Envoy hot restart

Matt Klein
Envoy Proxy
Published in
9 min readAug 13, 2017

--

This is the 2nd in my series of posts on Envoy architecture. (If you didn’t see the first check out my post on the threading model). In this post I will cover why and how Envoy is able to “hot restart” itself.

What is hot restart and why is it important?

Figure 1: Rolling and hot restart deploy methods

At a fundamental level, deploys of services (for this discussion services include the application, Envoy, log agents, stat relays, etc.) that do not drop traffic take place one of two ways:

  1. Via rolling deploy. New service nodes are brought up and traffic is drained and shifted from old nodes to new nodes. This is shown in the top half of figure 1.
  2. Via “hot” or live restart. No traffic shifting is done. The entity being restarted is somehow able to do so without dropping any traffic. This is shown in the bottom half of figure 1.

For a variety of reasons, (1) is a better approach. It allows more complex and safe traffic shifting techniques such as percentage based canary, percentage based rolling, zone aware rolling, and full blue/green. More importantly it allows the infrastructure to run in an immutable fashion such that service nodes are never altered in place. They are simply torn down after a successful deploy with traffic having been shifted onto new immutable nodes. Immutable infrastructure is substantially easier to reason about. However, (1) requires a large investment in infrastructure and deploy tooling. Although the industry is converging towards this direction and the tooling is becoming more widely available via projects like Kubernetes, Nomad, and Mesos, there are still a huge number of large-scale service deployments that use much simpler mechanisms with substantially less flexibility (like Lyft!).

Because many deployments do not have the sophisticated tooling required for (1), (2) is desirable because it is conceptually much simpler. The operator gets new code and configurations onto the service node, and via some mechanism specific to the service causes it to restart without dropping any connections. Almost all network proxies support at least some variant of this process, and many service frameworks in a variety of programming languages do as well.

How does the previous discussion relate to Envoy? When run as a full service mesh, Envoy forms the substrate by which the rest of the infrastructure communicates. This means that it is typically intimately involved in how services are deployed and operated. For example, in a Kubernetes based immutable infrastructure Envoy might be used to perform traffic shifting during deploys (Istio is an example of exactly this).

Yet, what if Envoy itself has to be updated? How does that work without impacting customer traffic?

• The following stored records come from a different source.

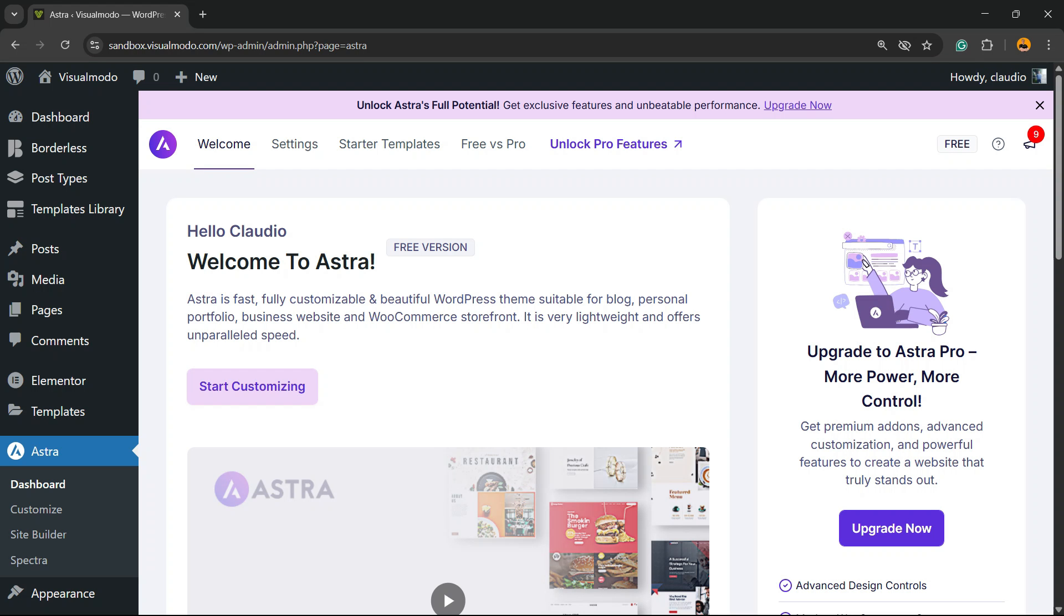What's up guys, here's Claudio from Visual Model WordPress Teams. In today's video, you're gonna learn how to customize the off-canvas or mobile menu on your Astra WordPress theme in the free version.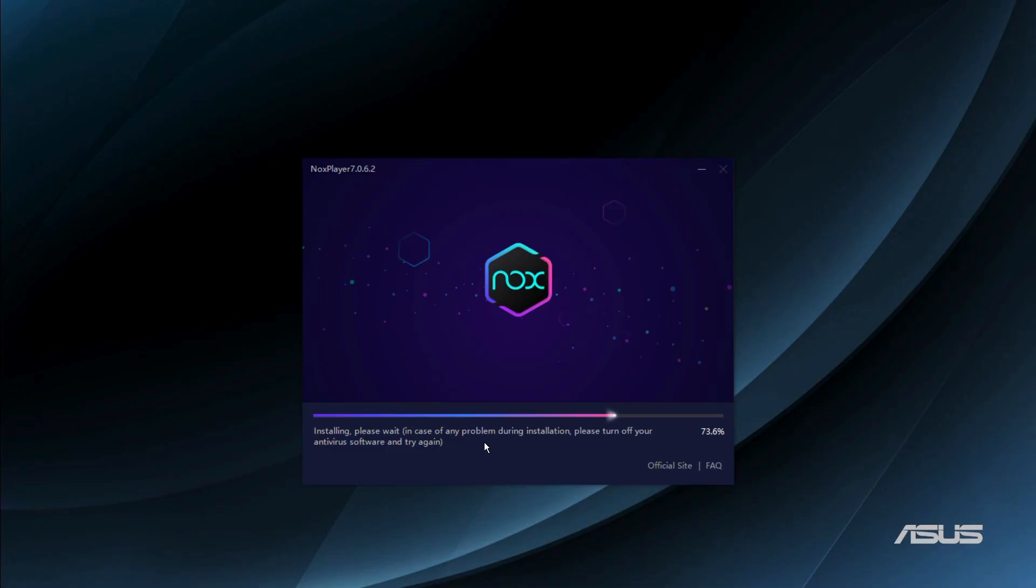Let us wait for the installation process to complete. Once the installation process will be completed, we will be able to launch and use our NOX player.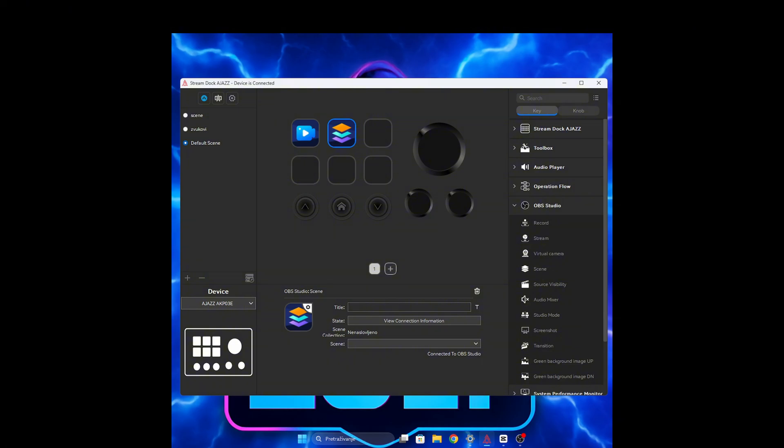You have managed to connect your stream deck in a few steps. Leave a like if I helped you and subscribe for more videos.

As it turns out this is a complex question that depends on how the infrastructure has been designed in terms of options (1) and (2) above.

  1. If Envoy is running as part of a sophisticated scheduling system (e.g. as an Istio sidecar pod member in Kubernetes), deploying Envoy is as “simple” as forcing an application deploy such that the Envoy injected into the pod gets updated to the latest version. Whatever rolling deployment is done will redeploy Envoy also.
  2. For the vast majority of organizations that do not yet have robust rolling deploy capabilities via projects like Kubernetes or a homegrown system, being able to hot restart Envoy in place vastly simplifies (and usually greatly speeds up) how it is deployed.

In summary, we should all be striving for (1) but the reality on the ground still often leads to (2) being easier to implement and therefore what is done in practice by many organizations.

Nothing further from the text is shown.